- _DATA BLOCK_:
┏━━

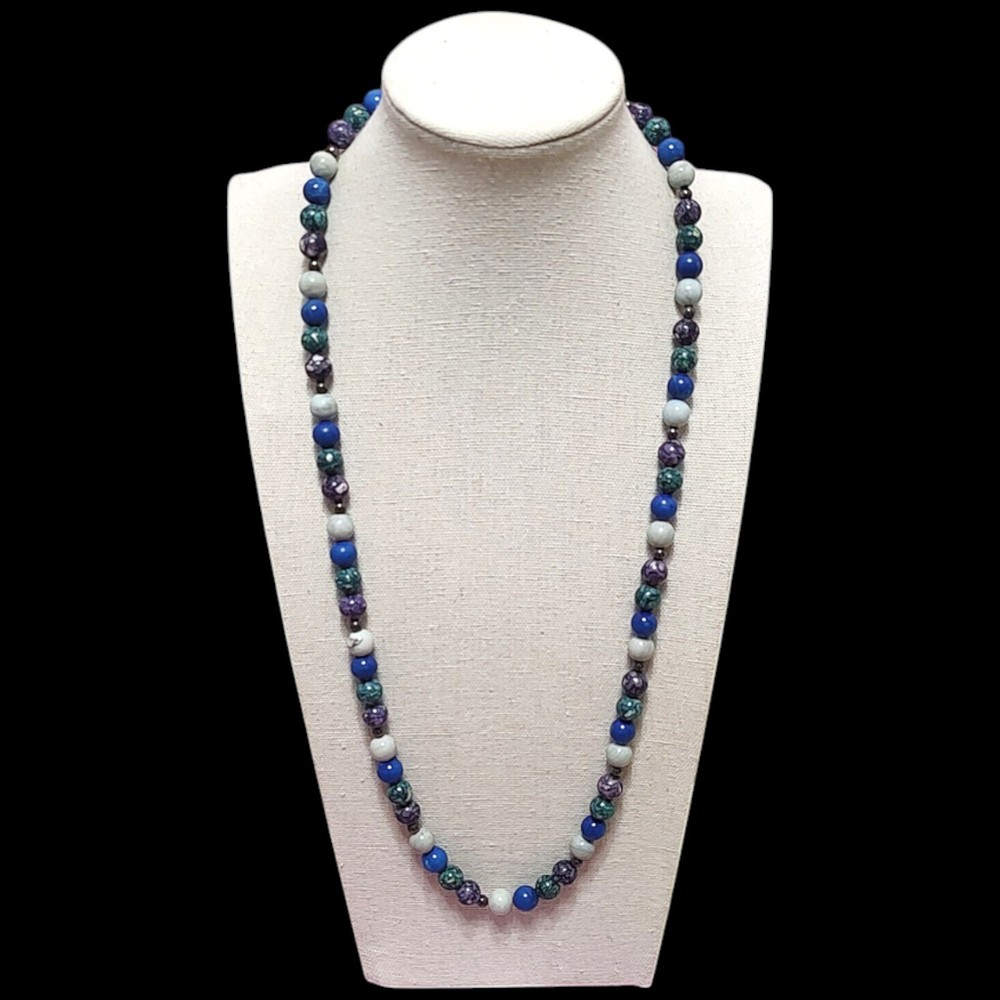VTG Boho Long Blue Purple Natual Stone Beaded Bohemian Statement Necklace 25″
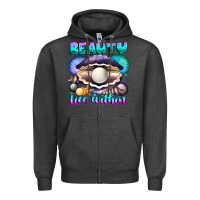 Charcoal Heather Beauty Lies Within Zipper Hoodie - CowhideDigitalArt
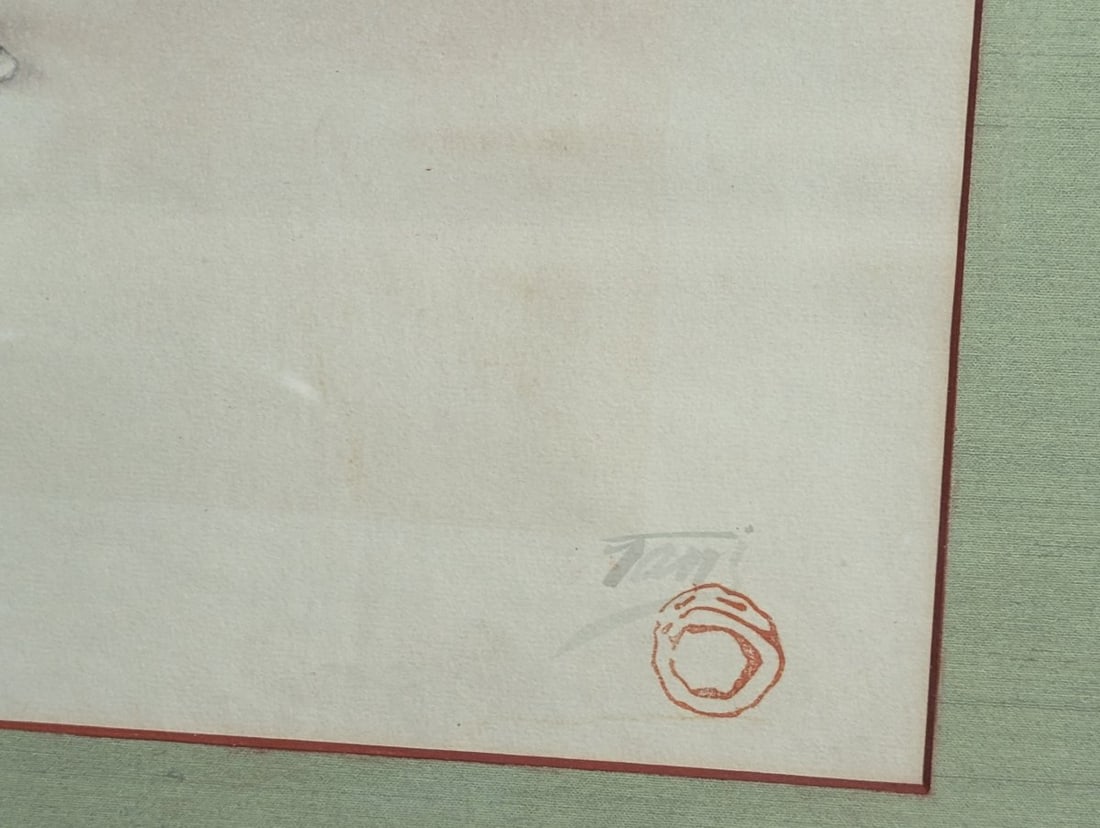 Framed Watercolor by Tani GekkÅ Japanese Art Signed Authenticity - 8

┗━━

- _THE PROBLEM_:
The lines above must be transcribed exactly, with every picture left out.

- _RESPONSE TO THIS TASK_:
VTG Boho Long Blue Purple Natual Stone Beaded Bohemian Statement Necklace 25″
 Charcoal Heather Beauty Lies Within Zipper Hoodie - CowhideDigitalArt
 Framed Watercolor by Tani GekkÅ Japanese Art Signed Authenticity - 8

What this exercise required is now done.